Re: ANN: blist 1.2.0

2010-07-23 Thread Daniel Stutzbach
On Wed, Jul 21, 2010 at 9:47 AM, Daniel Stutzbach <
dan...@stutzbachenterprises.com> wrote:

> What's new?
> ---
>
> - blist.sort() is now *substantially* faster than list.sort() when using
> int or float keys (O(n) vs. O(n log n))
> - The sortedset, sortedlist, and sorteddict types have been revamped for
> better compatibility with the standard library's types.
> - Comprehensive reference documentation is now available at
> http://stutzbachenterprises.com/blist/
> - Numerous other speed improvements
>

Quick addendum:

I just uploaded blist 1.2.1 which fixes a compilation error on BSD-derived
systems (notably MacOS X).
--
Daniel Stutzbach, Ph.D.
President, Stutzbach Enterprises, LLC 
-- 
http://mail.python.org/mailman/listinfo/python-list


Re: ANN: blist 1.2.0

2010-07-22 Thread Daniel Stutzbach
On Thu, Jul 22, 2010 at 6:52 PM, Terry Reedy  wrote:

> Another sort of issue will be code maintainability. Two algorithms is
> potentially more problems than one. To me, that partly depends on how well
> factored the current code is.
>

Two algorithms is more code than one algorithm.  No way around that. :-)

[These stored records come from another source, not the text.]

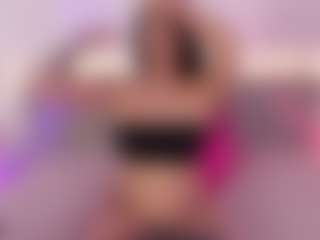 Isabella-Monroe's Live Sex Cam Show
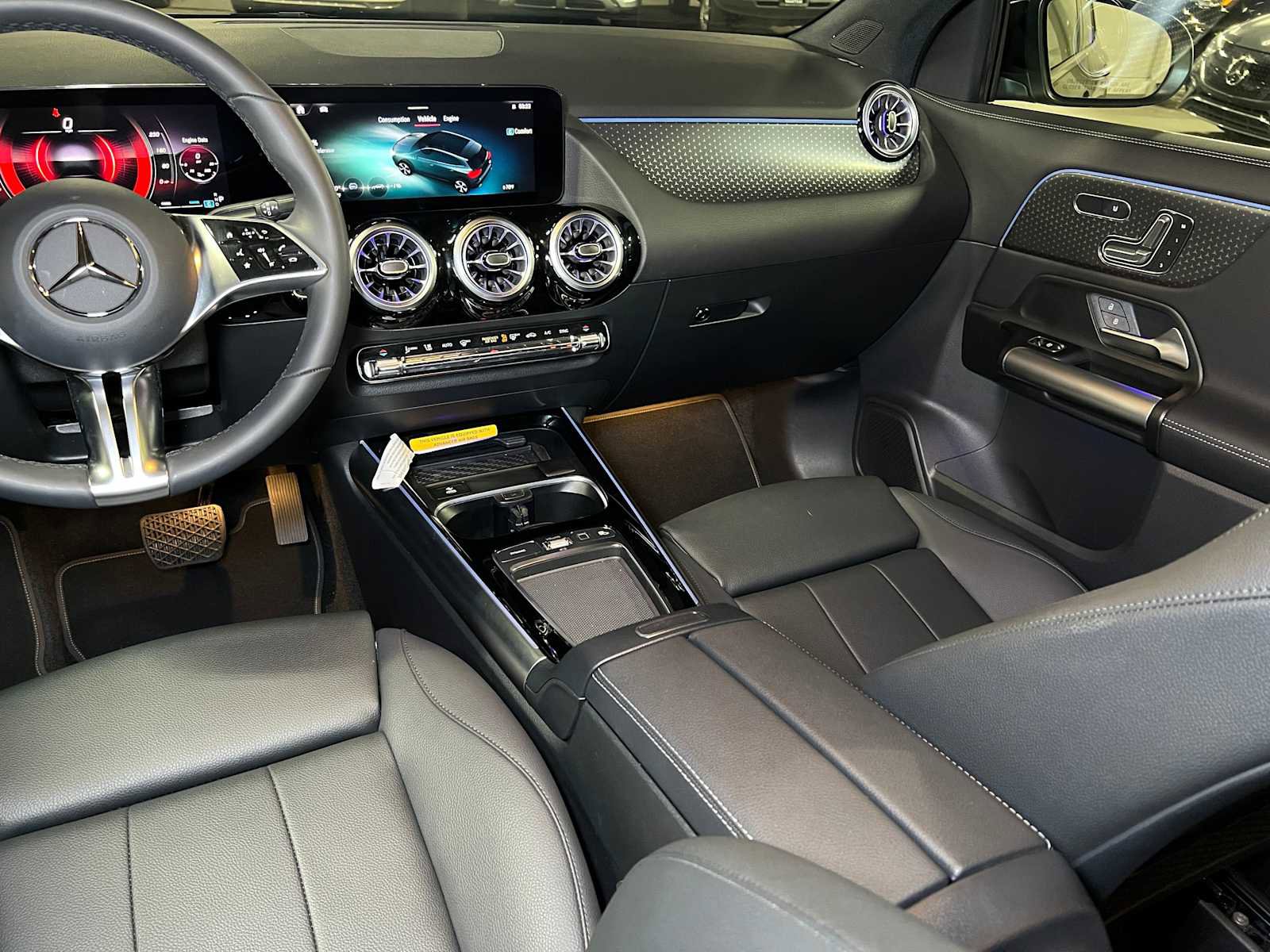 Certified 2025 Mercedes-Benz GLA 250 4MATIC image 33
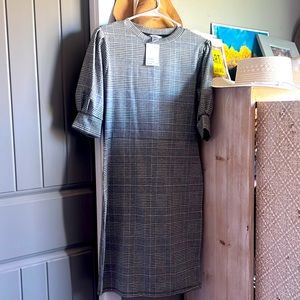 Brand new with tags, plaid business dress. Super cute!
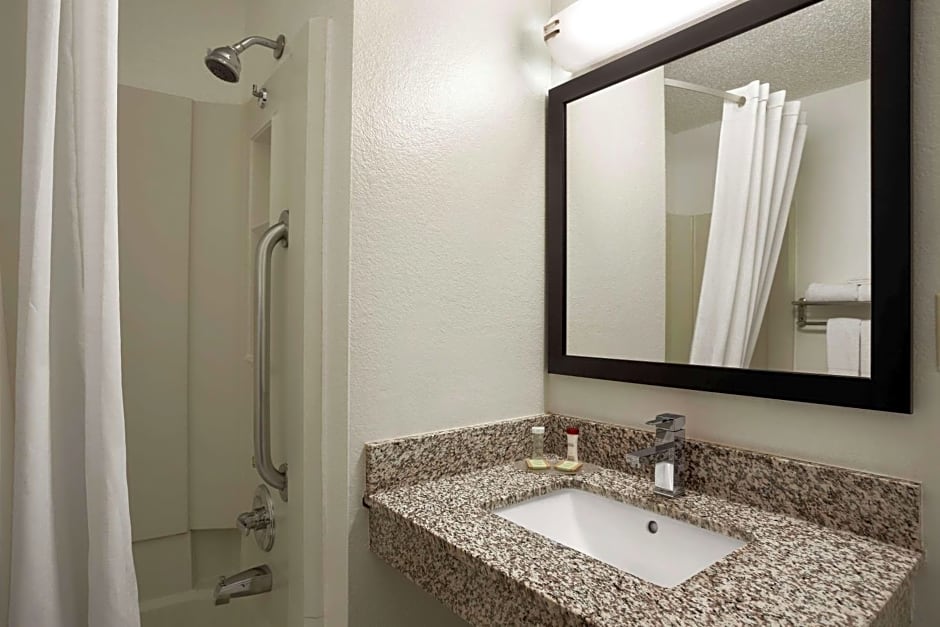 Super 8 by Wyndham Cedar Rapids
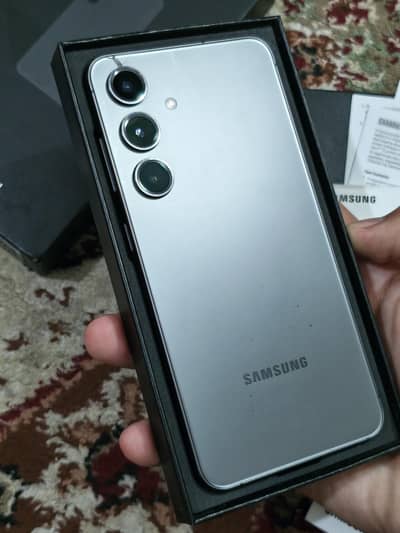 Samsung Galaxy S24 256GB with Box Non PTA Unlocked Dual Physical Sim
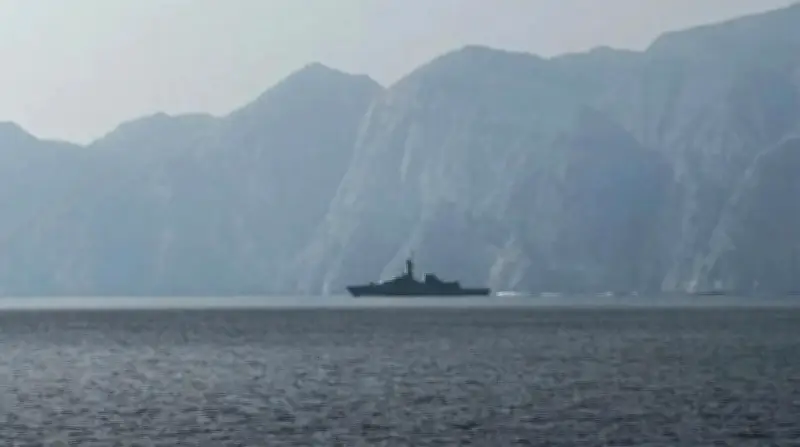 عُمان تتحرك دبلوماسياً مع إيران لضمان أمن مضيق هرمز ومنع أزمة طاقة عالمية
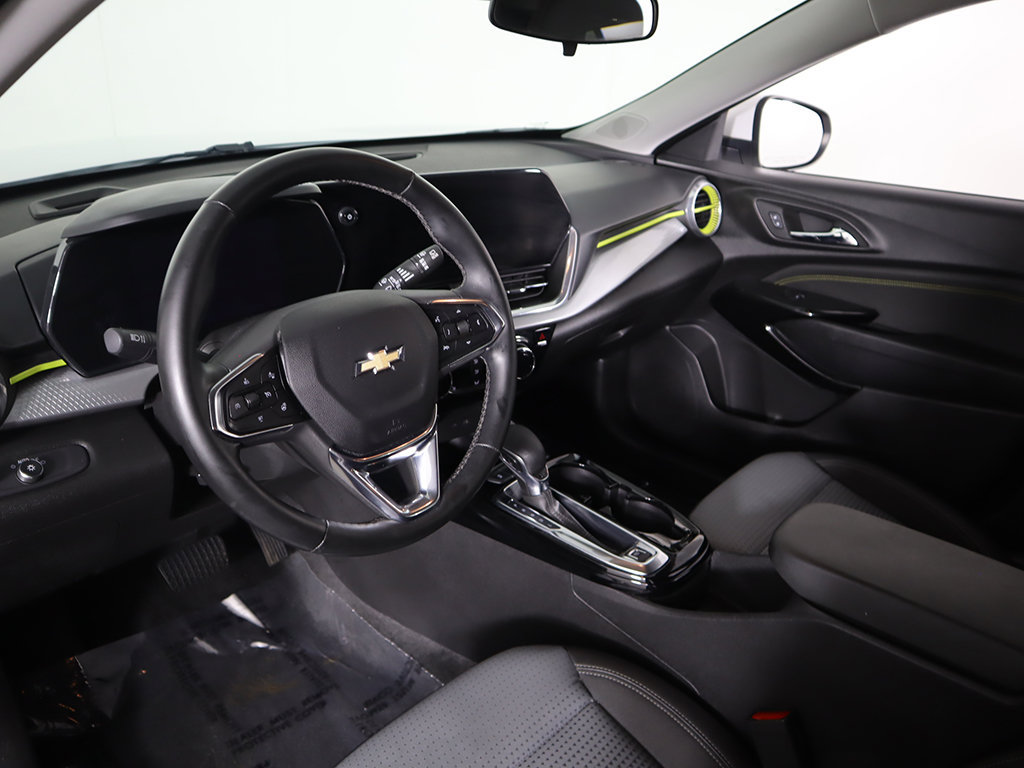 Used 2024 Chevrolet Trax LT w/ LT Convenience Package FWD image 25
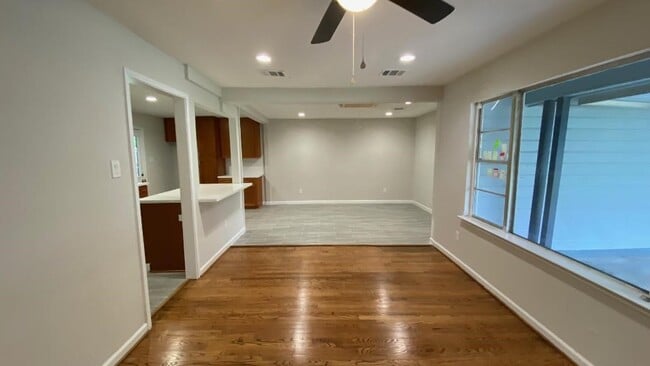 Photo - 2406 Rosemead Dr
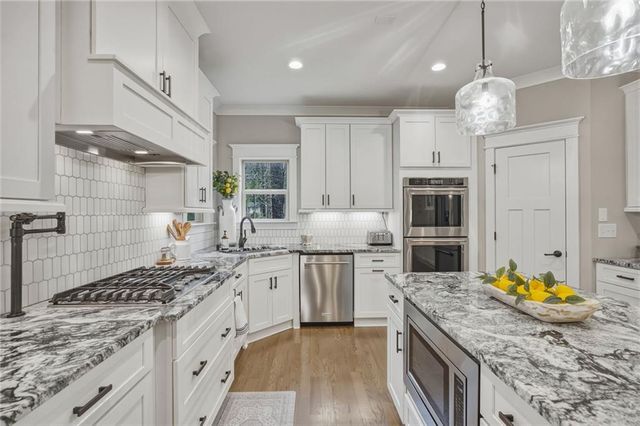 6290 Granbury Walk NW, Acworth, GA 30101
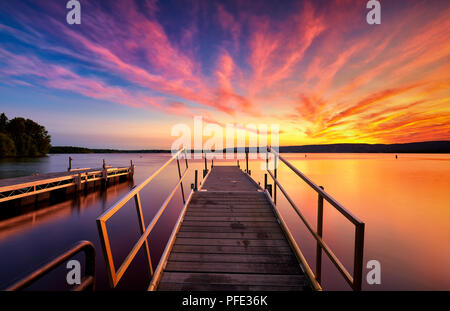 Schönen Sonnenuntergang Wolken über dem Lake Superior Horizont mit Wasser Reflexion Stockfoto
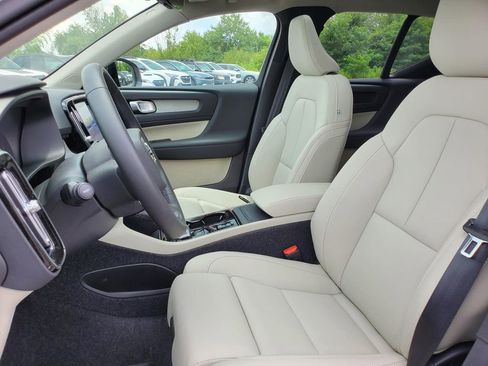 New 2026 Volvo XC40 B5 Ultra w/ Protection Package Premier image 5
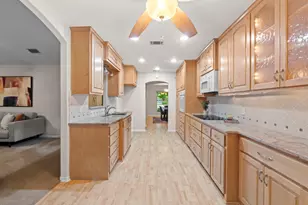 8610 Melshire Dr, Austin, TX 78757 - Photo 14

Radix sort is a relatively simple sorting algorithm, so the extra complexity
is not too bad.  Once I have a patch ready, others can decide if the
additional complexity is worth the performance boost.


> It would be best is rsort were a switch replacement for timsort after all
> preparations (such as decorate) were done.
>

Yes, that's pretty much what I have in mind.  In pseudo-code:

sort:
decorate()
if all_correct_type and n > 40:
radix_sort()
else
timsort()
undecorate()


> And that is about all I can think of.


Thank you for the thoughts.  I appreciate them!
--
Daniel Stutzbach, Ph.D.
President, Stutzbach Enterprises, LLC 
-- 
http://mail.python.org/mailman/listinfo/python-list


Re: ANN: blist 1.2.0

2010-07-22 Thread Terry Reedy

On 7/22/2010 7:22 PM, Daniel Stutzbach wrote:

On Thu, Jul 22, 2010 at 5:25 PM, Terry Reedy 


That's a good point.  It's tempting to add an undocumented parameter to
blist.sort that selects the sorting algorithm to use, to make it make it
easier to test multiple algorithms.  There are probably several
different ways to achieve a similar effect.  Do you mind if we table
that discussion until I actually have a patch?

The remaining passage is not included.